Staff presented the testimony of three witnesses -- Robert L. Lacy, Cody D. Walker, and Richard W. Taylor. Witnesses Lacy and Walker recommended that the Commission reject the § 115 IRP standard as administratively burdensome and costly. Staff suggested that the Commission's existing procedures through its five-year forecast review, with modifications, and its conservation and load management procedures adopted in Case No. PUE900070 were sufficient to address planning needs for gas utilities. Staff witness Lacy testified that adoption of the § 115 IRP and the investments in conservation and demand management standards would represent a departure from recently developed policies.

Witness Lacy also recommended that several changes be incorporated into the five-year forecast data request. He suggested that the long term plans submitted by gas utilities should provide fundamental information concerning demand-side management plans. He proposed the use of a longer planning horizon, i.e., 10 years, for gas utilities with significant demand-side management activities. Further, witness Lacy stated that much of the data in the forecasts filed by gas utilities could be made available for public review.

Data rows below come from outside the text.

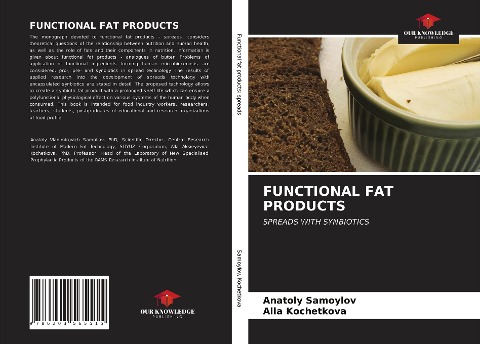 FUNCTIONAL FAT PRODUCTS: SPREADS WITH SYNBIOTICS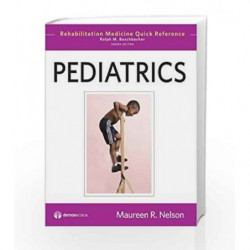 Pediatrics (Rehabilitation Medicine Quick Reference) by Buschbacher R.M. Book-9781933864600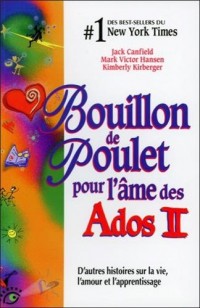 Bouillon de poulet pour l'âme des Ados II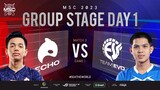 FIL MSC 2023 Group Stage Day 1  ECHO vs EVO Game 1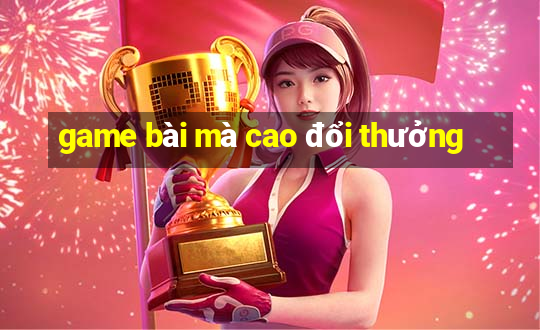 game bài mà cao đổi thưởng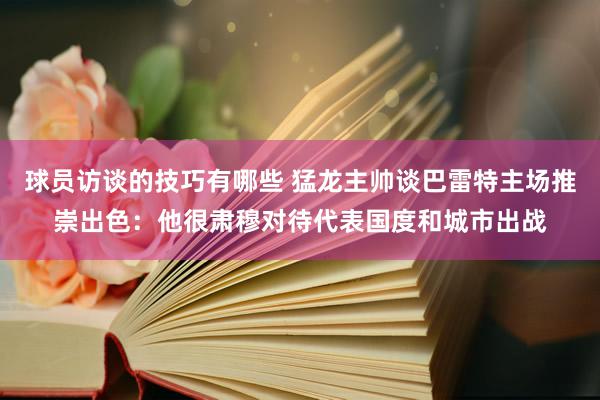 球员访谈的技巧有哪些 猛龙主帅谈巴雷特主场推崇出色：他很肃穆对待代表国度和城市出战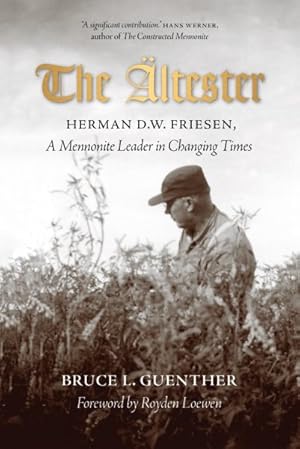 Imagen del vendedor de ltester : Herman D. W. Friesen, a Mennonite Leader in Changing Times a la venta por GreatBookPrices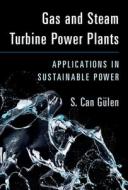 Gas And Steam Turbine Power Plants di Gulen S. Can Gulen edito da Cambridge University Press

Staff witness Walker also urged rejection of the § 115 standards as vague, narrow, and costly to administer. He noted that the Commission's current policies provide sufficient flexibility for evaluation of CLM programs. He testified that the objectives of the § 115 standards could be addressed through incentive programs and improved pricing. He observed that continued movement towards cost-based rates and further rate unbundling would provide additional information to ratepayers, enabling them to make informed end-use decisions.

Witness Walker commented that improperly structured IRP policies could conflict with competitive forces and may result in the subsidization of appliances or equipment that would not otherwise be competitive in an open market. He observed that many commentators advocating fuel substitution as a part of IRP appeared to be attempting to provide natural gas utilities with a competitive marketing advantage over electric utilities.

Witness Walker addressed VIGUA's proposals to implement revisions to the PGA and to develop capacity release procedures for LDCs. He characterized these proposals as beyond the scope of the present investigation. Mr. Walker acknowledged that it may be appropriate to explore these issues in future proceedings.

Mr. Walker also explained the Staff's review of gas utility acquisition practices. He stated that Staff reviewed gas utility capacity release programs through informal data requests in the context of PGA filings and in rate cases. He testified that upon request of an industrial customer, Staff would make data filed in response to these informal data requests available to requesting customers. Mr. Walker also stated that Staff would consider expanding the five-year forecast data to include information concerning LDCs' capacity release programs. He cautioned that because capacity release programs were relatively new, it was inappropriate to develop formalized filing requirements for such programs.

Staff witness Taylor testified about the accounting treatment to be accorded DSM programs. He concluded that it was unnecessary to adopt the standards set out in § 115 because existing ratemaking and accounting policies provide sufficient opportunity for gas utilities to recover their costs and investments in CLM programs. The Staff opposed cost recovery for such programs through an automatic adjustment mechanism because, in Staff's view, automatic recovery of such costs would remove them from the rigorous review to which they would be subjected in a rate proceeding. All Staff witnesses acknowledged that the traditional rate setting process provided little incentive for gas utilities to promote programs that conserved natural gas. They recommended that rate recovery for CLM programs be treated on a case-by-case basis. Witness Taylor concluded that the accounting conventions available for supply-side costs under Commission policies should also be available for demand-side costs.

Statutory Authority

Chapter 3 (§ 12.1-12 et seq.) of Title 12.1, Chapter 10 (§ 56-232 et seq.) and Chapter 10.1 (§ 56-265.1 et seq.) of Title 10.1 of the Code of Virginia and 15 USCA § 3202.

Historical Notes

Derived from Case No. PUE940030 §II, eff. October 14, 1994.